Last week the BBA’s concerns were sparked by the lack of judicial discretion in the long-awaited sentencing bill that arrived on Governor Patrick’s desk. The bill, H 4286, has moved through the Massachusetts Senate and House of Representatives after many months of negotiation by a Conference Committee. By way of background, the House and Senate approved their respective sentencing bills in 2001, but each was vastly different. To find common ground, a Conference Committee was appointed to negotiate the differences between the two versions. Despite raising concerns about some of the details of the bill and questions about whether it actually accomplished meaningful reform, the Conference Committee’s bill passed both the House and Senate by a veto proof margin.

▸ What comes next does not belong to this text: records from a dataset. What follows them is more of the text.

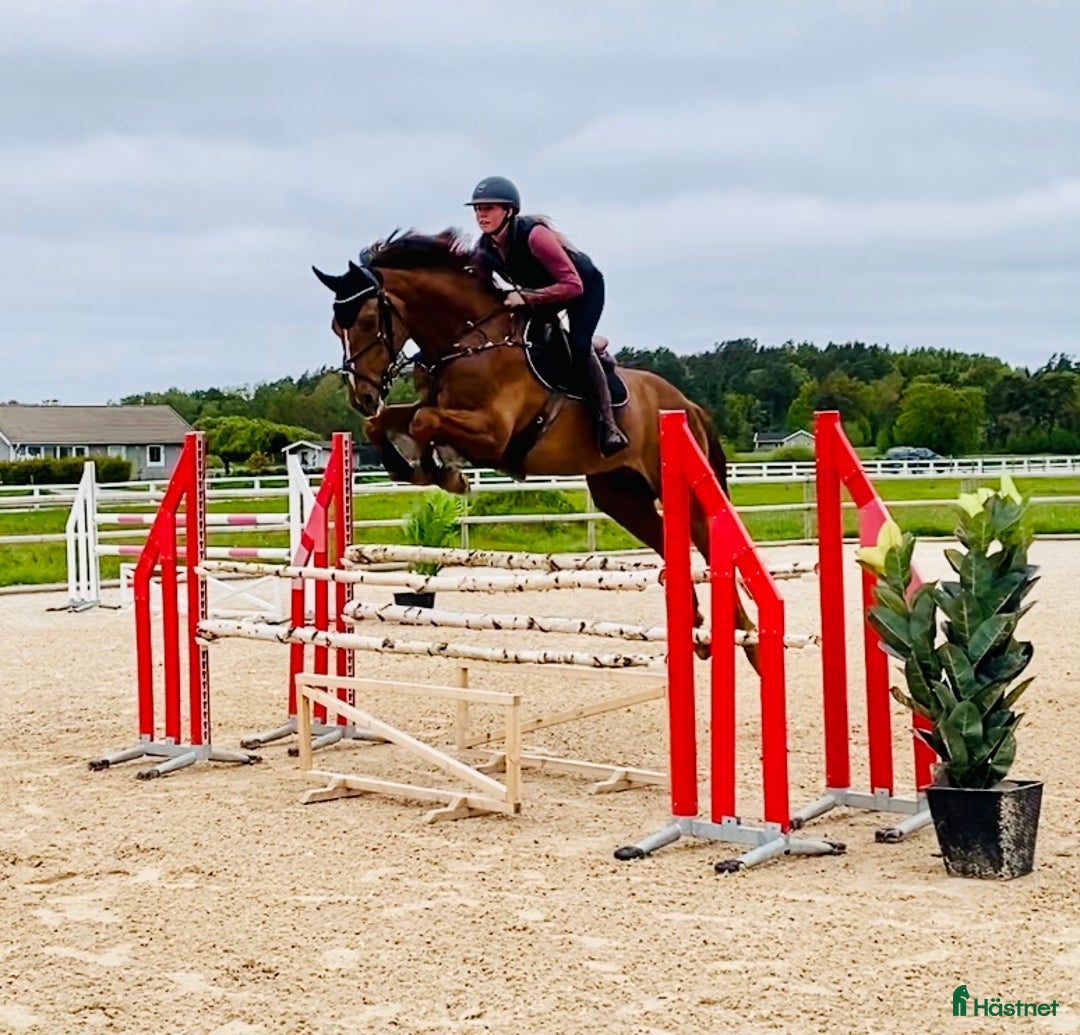 Hoppning hästar till salu: Avlad för hoppsport - Annons 9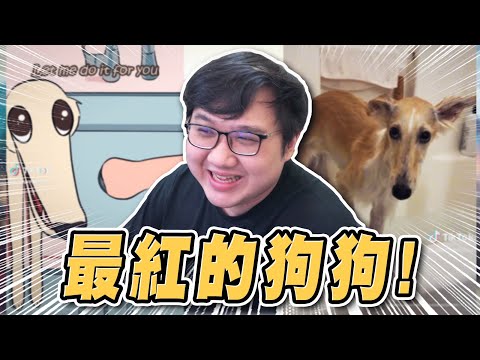 超爆笑蘇俄牧羊犬迷因！Let me do it for you！！【黑羽】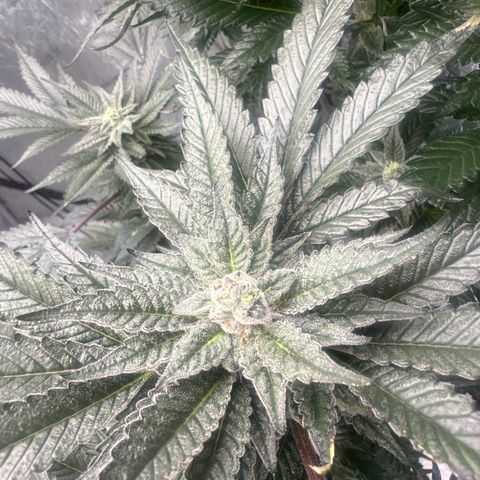 LG growlog timeline photo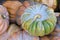 Green colored `Musquee de Provence` pumpkin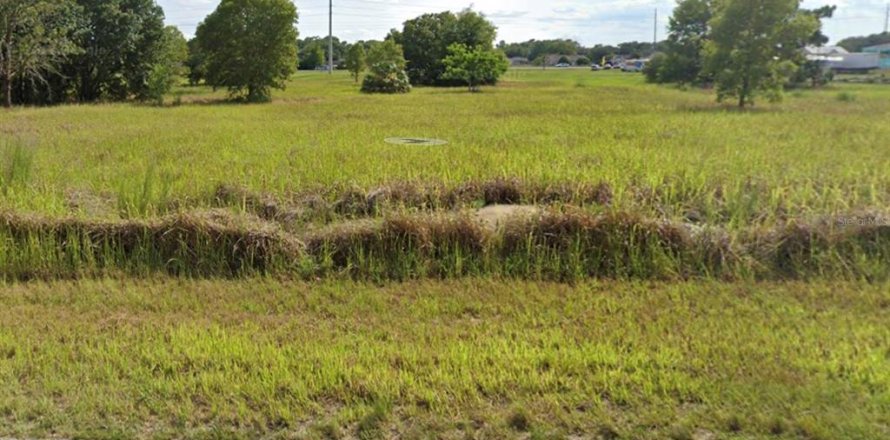 Terreno en Ocala, Florida № 1430533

The BBA acknowledges the hard work and dedication of all of the members of the Conference Committee on this difficult piece of legislation. We only wish that the Conference Committee had retained the judicial discretion portions so important to the fundamental principles of fairness and due process.
The legislation now awaits action by Governor Patrick. We don’t yet know what Governor Patrick is going to do with this bill. By statute he has ten days to decide and those ten days expire on Sunday. Here are Governor Patrick’s options — he can sign the bill, veto the bill, or he can send the bill back to the legislature with common sense amendments aimed at making this legislation sensible and meaningful.
H 4286 eliminates parole for certain categories of habitual offenders and includes some reforms regarding mandatory minimum sentences for certain drug crimes. The bill also shrinks school zones from 1,000 to 300 feet. Yes, there are aspects of the bill that are an improvement over the current sentencing laws. However, there are some significant things missing from this bill — including real and meaningful reforms for mandatory minimum drug sentences. Of greater concern to the BBA is the lack of judicial discretion in the entire bill.
The BBA has focused on sentencing reform for more than twenty five years. We hope that the Governor will file – and the House and Senate will consider — amendments that will make what is an okay bill a sound, more balanced bill.